◆ **Data section**
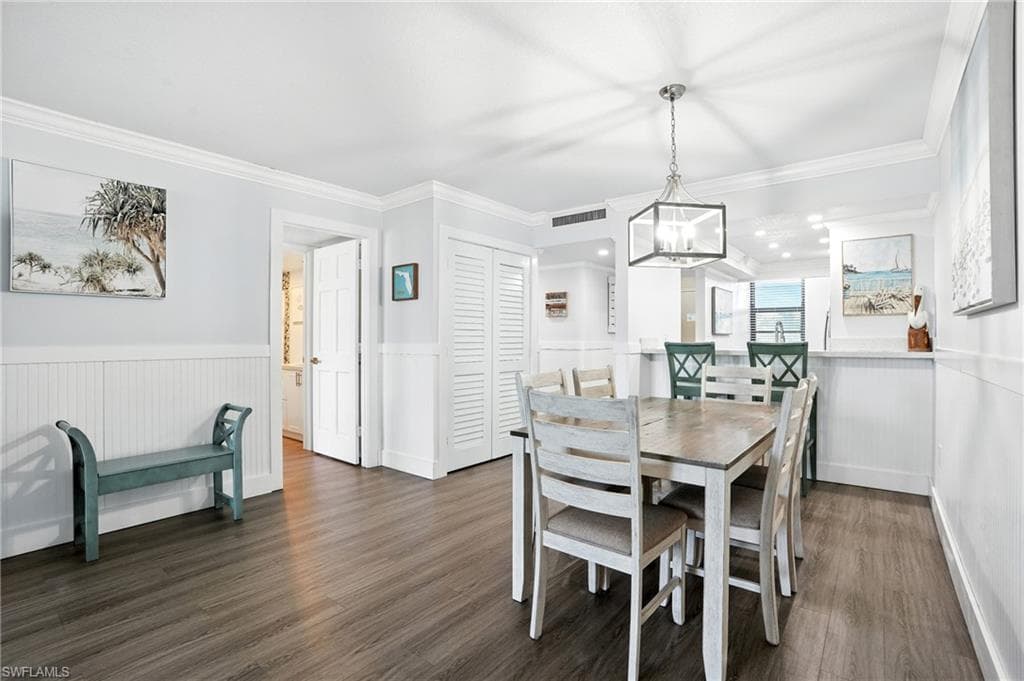 440 Seaview CT # 201, MARCO ISLAND FL 34145-12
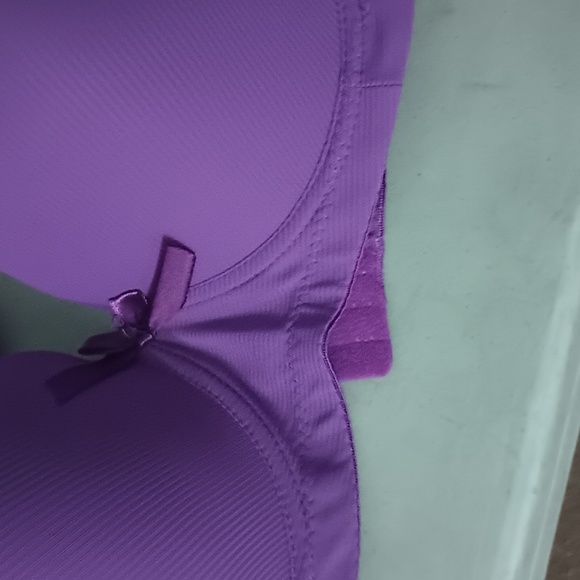 Viola Secret - Picture 6 of 7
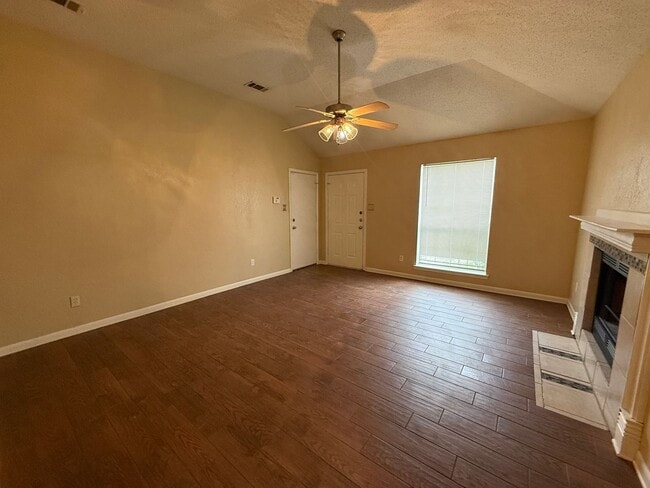 Photo - 2409 Pixton Dr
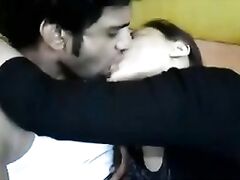 Beautiful pubic hair, wish I could see what her vulva looks like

◆ **Aim of the task**
Your output must consist only of the lines from the line with "Photo - 2409 Pixton Dr" through the final line of the data, both included, reproduced exactly and free of pictures.

◆ **Exercise response**
 Photo - 2409 Pixton Dr
 Beautiful pubic hair, wish I could see what her vulva looks like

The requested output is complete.